Marking NE binaries compatible

07 May 2017

I previously wrote about Win32 binaries using a PE header subsystem version to indicate support for a new version of Windows. But what happens when a binary needs to run on an old version but the new version is sufficiently different to require indicating compatibility?

The transition from Windows 2.x to Windows 3.0 was a very large step. Although the executable format was the same - the New Executable format, aka NE - Windows 3.0 would launch binaries in protected mode with far more available memory by default. Not all programs could handle this; most non-trivial ones would not. Although Windows 3.0 supported a real mode runtime in order to ensure compatibility, it couldn't dynamically switch between modes, so if a user tried to run a Windows 2.0 application on Windows 3.0, it needed to decide what to do. So if asked to run a Windows 2.0 application from protected mode that didn't indicate support, it gave a very descriptive warning:

In order to allow an application to run on both real mode Windows 2.0 and protected mode Windows 3.0 without the warning, two bits were used in the executable format to indicate support for protected mode memory and proportional fonts. The tool to set these bits was distributed with the Windows 3.0 SDK - not exactly convenient, because any application requiring this treatment must have been compiled with the Windows 2.x SDK.

Microsoft (R) Windows Executable Marker  Version 1.0
Copyright (C) Microsoft Corp 1990.  All rights reserved.

usage: MARK [-q] [MEMORY [FONT]] filename

-q   indicates to MARK.EXE to suppress the listing of major operations.
MEMORY indicates the application is well-behaved in its use of memory
   so that it can run safely in protect mode.
FONT indicates the application will be given the proportional system font,
   instead of the fixed-pitch font used in Windows 2.x.
Application cannot be marked FONT without also being marked MEMORY.

Having marked an application in this way, Windows no longer displays a warning.
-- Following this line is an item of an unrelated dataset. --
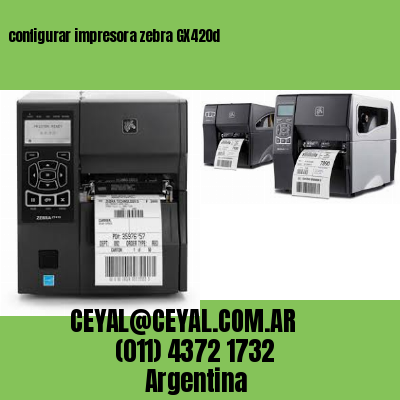 configurar impresora zebra GX420d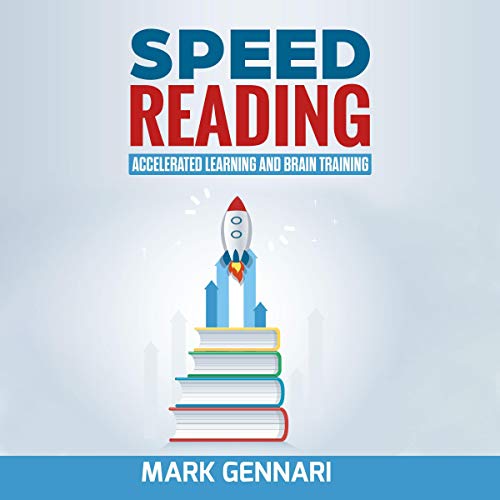 Speed Reading: Accelerated Learning and Brain Training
It's possible to set these bits on any binary - they're in offset 37h from the NE header - but note that if the application really isn't designed for protected memory, it's likely to crash.

Since Windows 2.0 wasn't a very popular platform for developers, there aren't many applications that were marked in this way. One prominent exception is Word for Windows 1.1, which runs on Windows 2.x and 3.x protected mode correctly.